#### [Prompt]
Reproduce the lines below exactly, from the one containing "Armchair and wooden" through the one containing "Armani Exchange Monogram-pattern", both included. Leave out any pictures.

#### [The records]
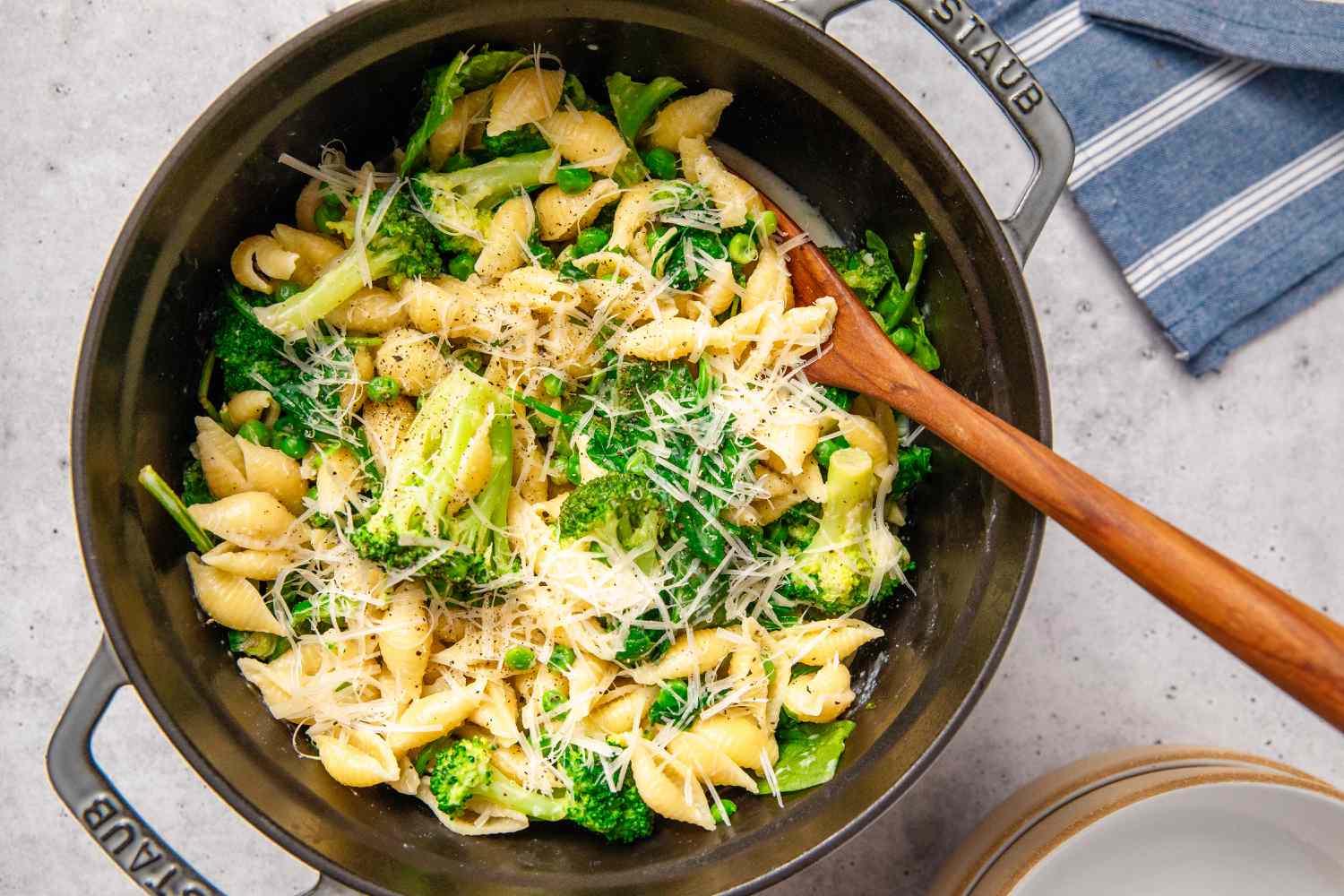 A pot of pasta shells mixed with vegetables and topped with grated cheese, served with a wooden spoon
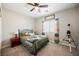 Comfortable bedroom featuring a ceiling fan, soft carpet, and a window with decorative curtains at 7002 Fossil Rim St, North Las Vegas, NV 89084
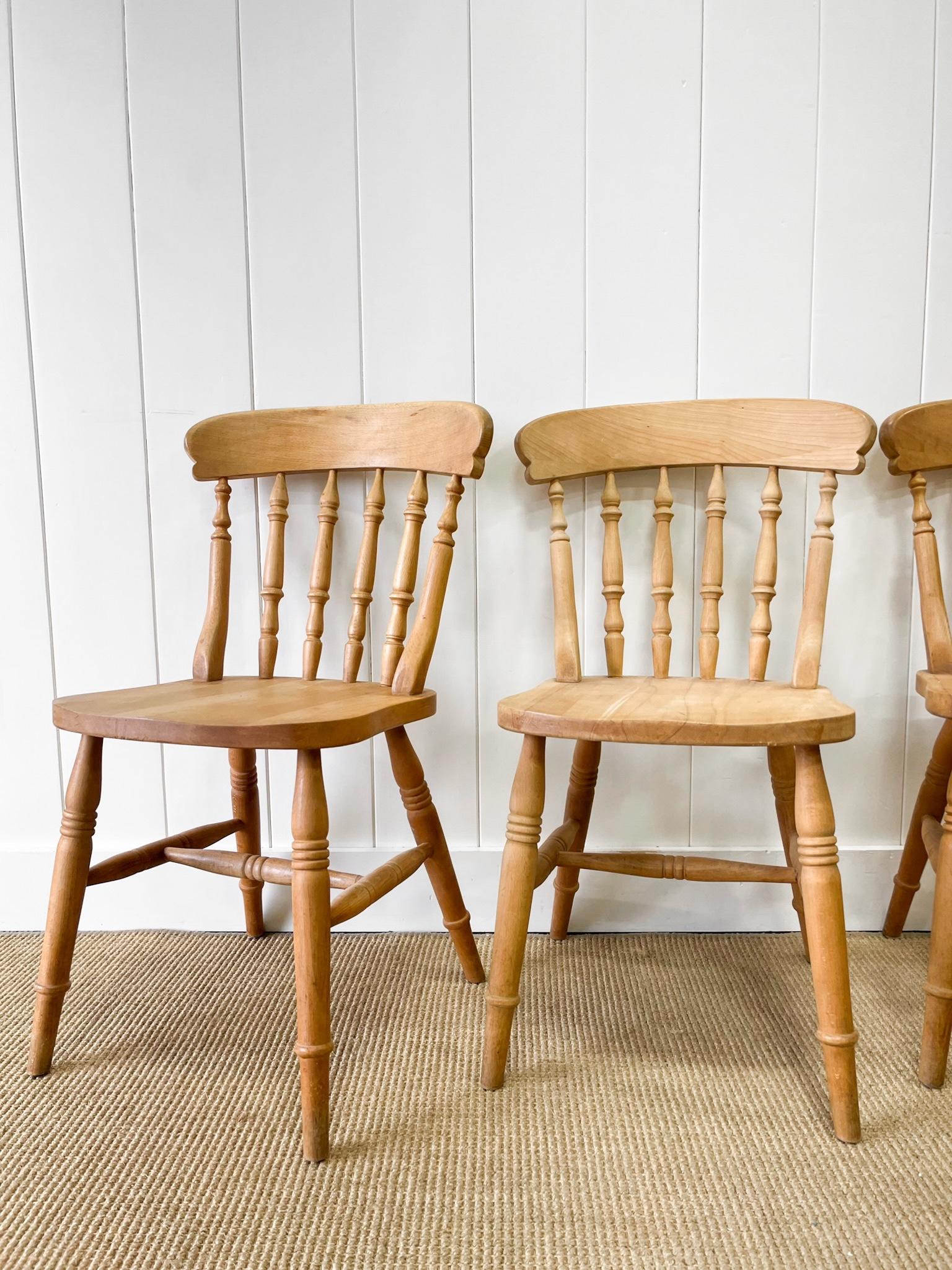 A good set of vintage ash spindle back side chairs. Very solidly built in the traditional way.  Handsome profiles and good and heavy.  Perfect around a farmhouse table! Solid in joint. These are not antiques.

Condition: scratches, dents, marks,
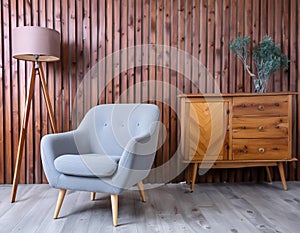 Armchair and wooden cabinet near wooden planks paneling wall. Loft interior design of modern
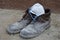 Worker`s shoes dirty from all-day work construction dust on leather boots on concrete with mask protecting lungs from dust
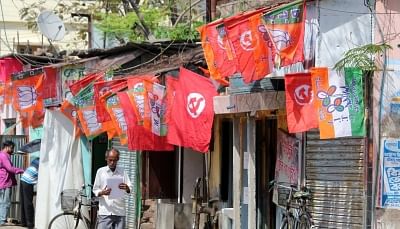 Balurghat: Flags of various political parties are on display at a roadside shop in Balurghat of West Bengal, on April 9, 2016. (Photo: IANS)
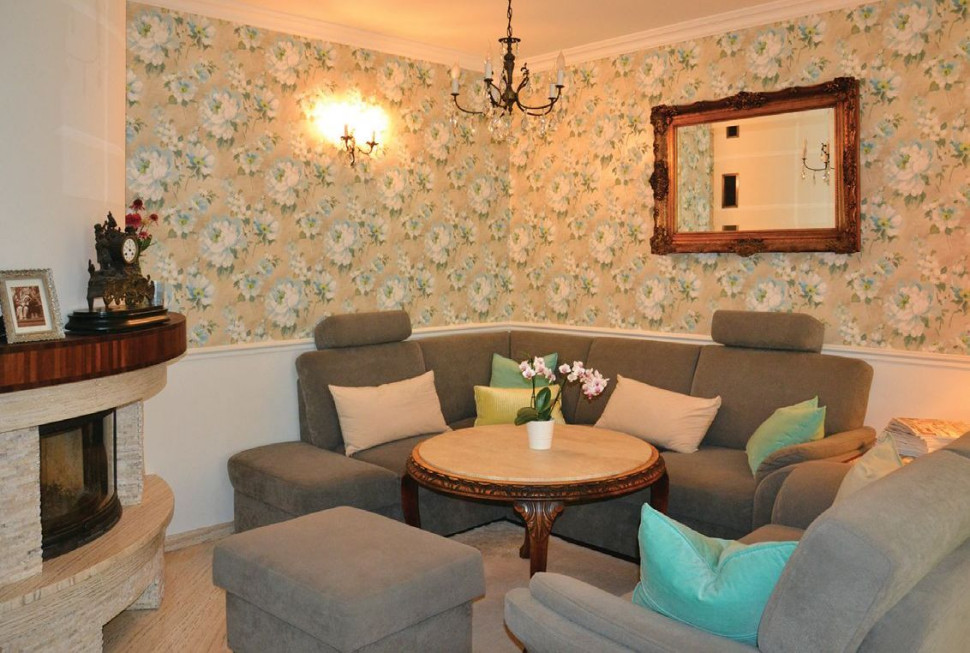 Część wypoczynkowa salonu, kominek i ozdobna tapeta na ścianach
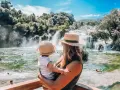 Mama z dzieckiem podziwia wodospady w parku Krka w Chorwacji. Woda jest krystalicznie czysta, a wokół bujna zieleń.
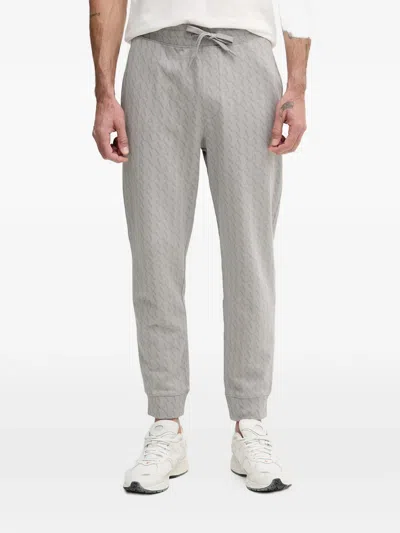Armani Exchange Monogram-pattern Track Pants In Brown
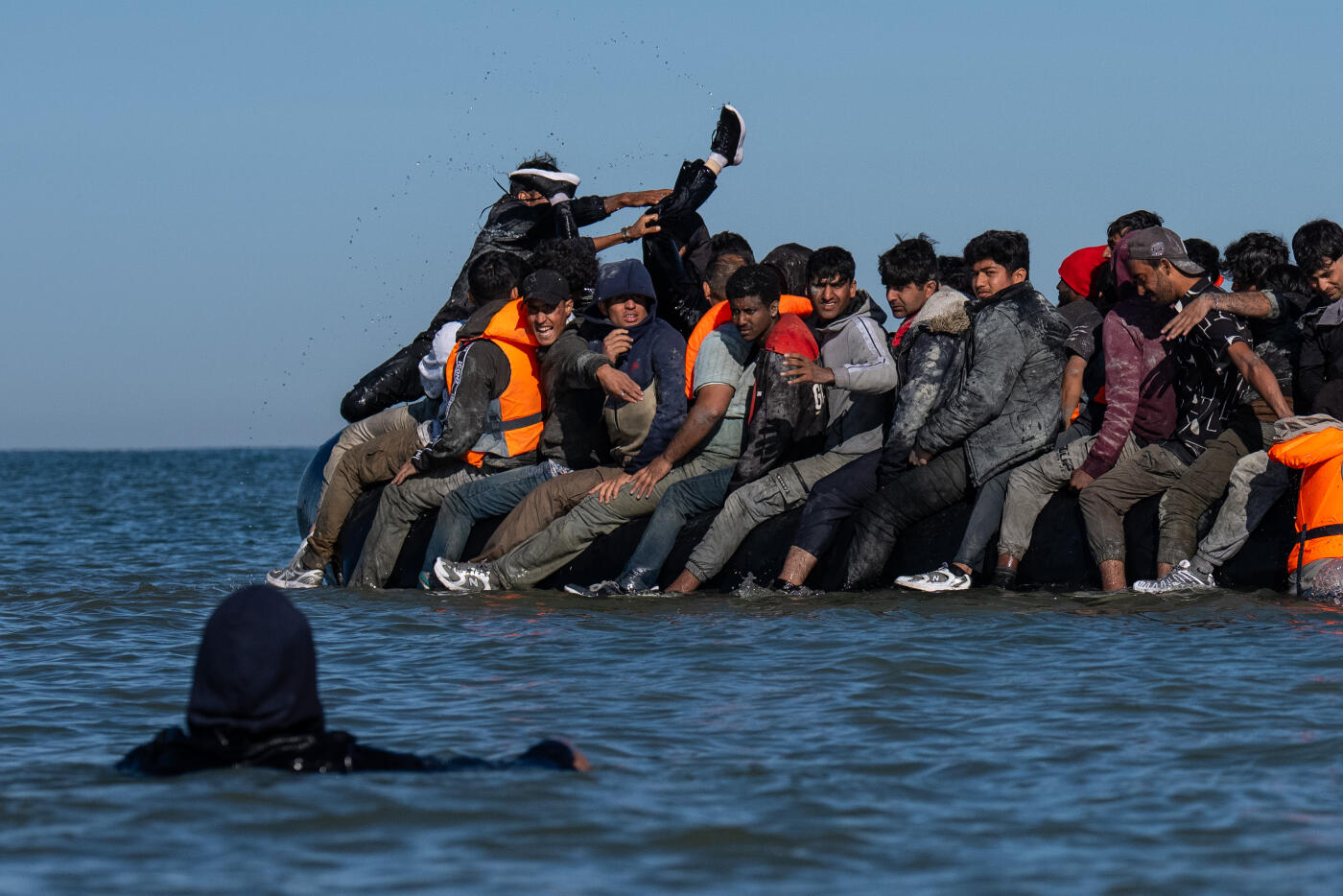 GRAVELINES, FRANCE - AUGUST 25: Migrants board a dinghy into the English Channel on August 25, 2025 in Gravelines, France. Migrant crossings by boat have caused much controversy in the UK, with far-right groups organising demonstrations outside hotels housing migrants across the country over the summer. As of late August 2025, more than 28,000 migrants have crossed the English Channel in small boats this year. (Photo by Carl Court/Getty Images)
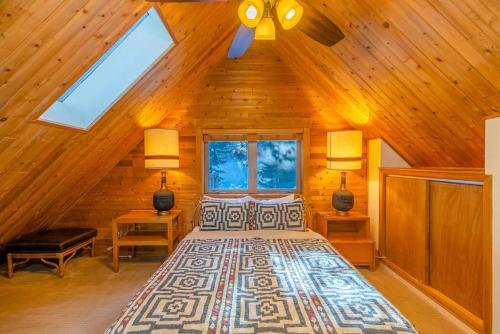 a bedroom with a bed in a wooden house at Cozy Cabin Perched on the Mountainside - Alpine Haus in Alma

#### [Answer to this task]
 Armchair and wooden cabinet near wooden planks paneling wall. Loft interior design of modern
 Worker`s shoes dirty from all-day work construction dust on leather boots on concrete with mask protecting lungs from dust
 Balurghat: Flags of various political parties are on display at a roadside shop in Balurghat of West Bengal, on April 9, 2016. (Photo: IANS)
 Część wypoczynkowa salonu, kominek i ozdobna tapeta na ścianach
 Mama z dzieckiem podziwia wodospady w parku Krka w Chorwacji. Woda jest krystalicznie czysta, a wokół bujna zieleń.
Armani Exchange Monogram-pattern Track Pants In Brown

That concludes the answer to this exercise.